Task to carry out
Everything from the line with "Gölbaş Emlaktan Site" down to the last line of the material below must be written out exactly. Leave out all other lines.

Supplied material
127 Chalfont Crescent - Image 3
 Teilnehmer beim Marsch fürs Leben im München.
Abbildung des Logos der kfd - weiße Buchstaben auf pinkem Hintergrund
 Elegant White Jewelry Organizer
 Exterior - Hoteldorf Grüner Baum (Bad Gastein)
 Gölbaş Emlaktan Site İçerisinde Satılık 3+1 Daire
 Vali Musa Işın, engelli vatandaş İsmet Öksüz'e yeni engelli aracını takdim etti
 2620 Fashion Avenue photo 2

Exercise solution
 Gölbaş Emlaktan Site İçerisinde Satılık 3+1 Daire
 Vali Musa Işın, engelli vatandaş İsmet Öksüz'e yeni engelli aracını takdim etti
 2620 Fashion Avenue photo 2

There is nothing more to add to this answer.